Will it be literally the New Facts played in its entirety? I’m kind of hoping it is. Maybe it will be a splash of SLT? But I know for sure the pearls from the 80s won’t be there. No Perverted By Language, no TNSG, no Bend Sinister. Pharmacist seems to be the only nod in that direction these days.
Andrew Wetherall’s set finishes. The adrenalin is pumping, the band arrives, the cheers go up, bang! it’s off. Wolf Kidult Man fires us up and the ambling figure of Smith appears and perches atop an amp. ‘Good evening We are The Fall’ he announces, sending us into joyous rapture. A mosh pit has quickly formed and Smith takes to his feet. It’s only a couple of months since I saw them last at The Transformer Event in Manchester but It’s immediately evident he is struggling, almost gasping for breath. His menacing and phlegm soaked growl is there, but somehow I feel already that this may not be the gig we expected. Not that you can ever expect anything at a Fall show!
My enthusiasm for the music is brimming. The band are really tight tonight and I’m so carried away in the proceedings; laughing, jumping, falling and banging into the low stage with the sway of the mosh pit, (I will discover the next day my legs and knees are black and bruised from my encounter), the songs seem to blend together. My brain isn’t really registering the tracks, just the wall of sound that is engulfing me. That mix of garage, rockabilly, some psychedelic interludes and even a hint of classic Fall.
It takes me a while to notice Smith’s absence from his usual position. His growl is still evident but he seems to be residing almost horizontally behind an amplifier. Dedication brings him back to his feet. And he attacks it like a man possessed. I’m sure this is the last we see of him, as he slips off backstage. His voice seeming to saunter on; interruptions to what has almost become an instrumental rendition. I see Dave Spurr stop playing at one point to readjust the mic stand. In fact he seems to deliver some of the vocals himself.
The band are giving it 100% holding our interest at the front and we too battle on. A hypnotic and really quite aggressive assault on the senses. At one point it seems Smith is singing vocals to one track whilst the band play another, but I could be mistaken. (The set list I have in my hand is definitely not what occurred! Blindness or at least part of it was played, Fall Sound and Bury). Perhaps in true tradition the set finishes with Mr. Pharmacist but I’m sure Smith’s voice is maybe just an odd growl or shout.

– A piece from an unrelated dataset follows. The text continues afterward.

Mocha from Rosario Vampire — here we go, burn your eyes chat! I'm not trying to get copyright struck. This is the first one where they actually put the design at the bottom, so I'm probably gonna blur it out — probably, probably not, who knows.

Of course what I haven’t mentioned is the bizarre spectacle of Pam taking to the stage. Now the purists among us may have critique to pass on this. For me, it adds to the experience. I know those of us at the front are enjoying her enthusiasm in trying to keep us buoyed up! She grabs the backwash from a pint pot, then launches the empty vessel across the stage. Some of us get up and join her on stage revelling in the madness.

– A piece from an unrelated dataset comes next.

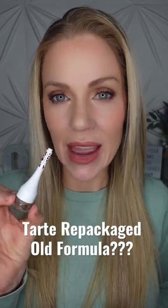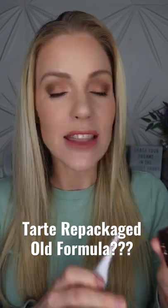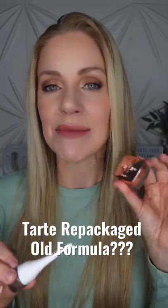I just picked up the Tarte Maneater Brow Mousse thinking I'm gonna compare it to my favorite brow pomade, the Tarte Big Ego. Well, I'm here to tell you it's the same product. Once I opened them up I realized they look very similar — and guess what? Exactly the same ingredients as the brow pomade.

In fact Pam and I lock hands at one point for a short boogie. I head for the mic on Mr Pharmacist but am hastily ejected back to the floor by the crew. Of course it’s all over too soon. The club clears quickly and there is much discussion as bewildered faces exit. I linger a while.
Ok, what have I just witnessed? I dare not quote Mr Peel, but actually I must. ‘The Fall, It may not always be what you want, but it’s still The Fall’ and with that I agree.
Full credit to the band. A very tight set musically. Well done to Pam, I’m not knocking it. It was a great experience. And one I hope I get to see again soon. Get well Mark, we are thinking of you. After all this is Work in Progress, due about …..2026!